After much debate my current students finally decided that they wanted to learn about the ice age so we have spent most of May and the beginning of June learning about saber-tooth tigers, wooly mammoths, glaciers, cave paintings and primitive hunting techniques.  My students have begged to watch the movie “Ice Age” as a way to celebrate all that we have learned but as our school has a no movie policy I had to come up with something that seemed equally as celebratory.

So I decided we should make our own ice cream

I have never made my own ice cream before.

Google came to my rescue again and I found directions for making ice cream using two baggies and some ice.  It seemed simple but I have learned from hard experience that I need to try everything myself before attempting it with my students.   So it was that I was making ice cream in my kitchen early Sunday morning.  And then I got to eat ice cream on an early Sunday morning (teaching does have its job perks!) 

This is super easy to do, and really fun! 

To begin, put 1/2 cup milk (I used full fat milk), 1/4 tsp. vanilla and 1 Tbsp sugar into a ziplock sandwich bag and seal tightly.

Then fill a large ziplock bag about half-full of ice and add 6 Tbsp of salt (I used coarse pickling salt – a lot of internet sites said to use rock salt but I couldn’t find any and the coarse salt worked great!)  Nest your little bag of milk into the ice and salt mixture and seal the big bag.

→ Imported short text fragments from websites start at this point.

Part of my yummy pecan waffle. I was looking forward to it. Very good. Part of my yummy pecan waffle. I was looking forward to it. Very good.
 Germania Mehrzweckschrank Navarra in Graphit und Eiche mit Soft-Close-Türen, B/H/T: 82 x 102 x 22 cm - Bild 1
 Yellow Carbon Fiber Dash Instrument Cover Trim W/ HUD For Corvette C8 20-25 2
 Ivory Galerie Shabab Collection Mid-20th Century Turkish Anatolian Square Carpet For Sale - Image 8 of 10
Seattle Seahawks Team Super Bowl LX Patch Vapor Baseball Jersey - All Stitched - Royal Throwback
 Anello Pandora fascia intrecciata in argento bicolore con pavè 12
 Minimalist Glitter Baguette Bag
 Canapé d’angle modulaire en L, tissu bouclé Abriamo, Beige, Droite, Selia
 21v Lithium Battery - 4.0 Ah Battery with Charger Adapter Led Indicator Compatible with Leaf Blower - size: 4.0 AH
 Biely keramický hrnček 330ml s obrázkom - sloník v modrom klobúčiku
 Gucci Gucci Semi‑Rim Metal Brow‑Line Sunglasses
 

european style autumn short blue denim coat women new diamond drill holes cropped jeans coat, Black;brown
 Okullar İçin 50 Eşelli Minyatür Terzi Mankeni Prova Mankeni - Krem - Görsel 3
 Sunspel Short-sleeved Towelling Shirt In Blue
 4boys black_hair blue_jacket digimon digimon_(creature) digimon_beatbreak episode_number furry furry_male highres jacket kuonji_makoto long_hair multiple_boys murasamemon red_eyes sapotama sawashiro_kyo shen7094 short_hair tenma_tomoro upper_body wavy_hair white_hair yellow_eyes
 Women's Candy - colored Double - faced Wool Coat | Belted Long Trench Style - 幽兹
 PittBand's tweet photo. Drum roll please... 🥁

Now set your timer for 5 minutes and massage your bag, moving the ice over and around your bag of milk.  I found it easiest to wrap the bag in a tea towel so that my hands didn’t get so cold and then I just massaged away!  After five minutes are up, open your bag.  The little bag of milk should be cold and solid.  (If it’s not – a bit more massaging in the ice should do the trick).

Use your towel to wipe off the outside of the little bag (you don’t want to get salt into your ice cream) and then spoon the contents into a little dish and enjoy!

It’s not quite what you would get from an ice cream parlour but it’s cold and delicious and you made it yourself – what could be better than that?